A data-driven methodology to predict ice-induced aerodynamic degradation applied to aircraft tailplane design

This study presents a data-driven approach to predict tailplane aerodynamics in icing conditions, supporting the ice-tolerant design of aircraft horizontal stabilizers. The core of this work is a low-cost predictive model for analyzing icing effects on swept tailplanes. The method relies on a multi-fidelity data gathering campaign, enabling seamless integration into multi-disciplinary aircraft design workflows. A dataset of iced airfoil shapes was generated using 2D inviscid methods across various flight conditions. High-fidelity CFD simulations were conducted on both clean and iced geometries, forming a multidimensional aerodynamic database. This 2D database feeds a nonlinear vortex lattice method to estimate 3D aerodynamic characteristics, following a ‘quasi-3D’ approach. The resulting reduced-order model delivers fast aerodynamic performance estimates of iced tailplanes.

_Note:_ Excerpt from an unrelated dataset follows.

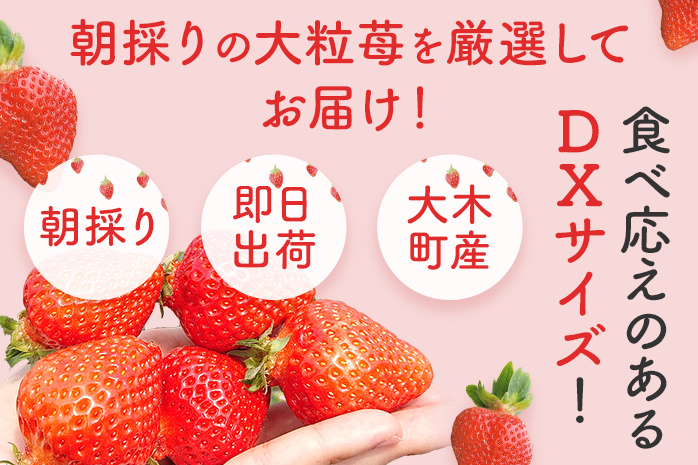 《先行予約》あまおう 約270g×2パック おすすめ 福岡県 大木町 BO003 【2026年12月下旬～2027年4月末頃にかけて順次出荷予定】いちご フルーツ 苺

To demonstrate its effectiveness, optimal ice-tolerant tailplane designs were selected from a range of feasible shapes based on a reference transport aircraft. The analysis validates the model's reliability, accuracy, and limitations concerning 3D ice shapes and aerodynamic characteristics. Most notably, the model offers near-zero computational cost compared to high-fidelity simulations, making it a valuable tool for efficient aircraft design.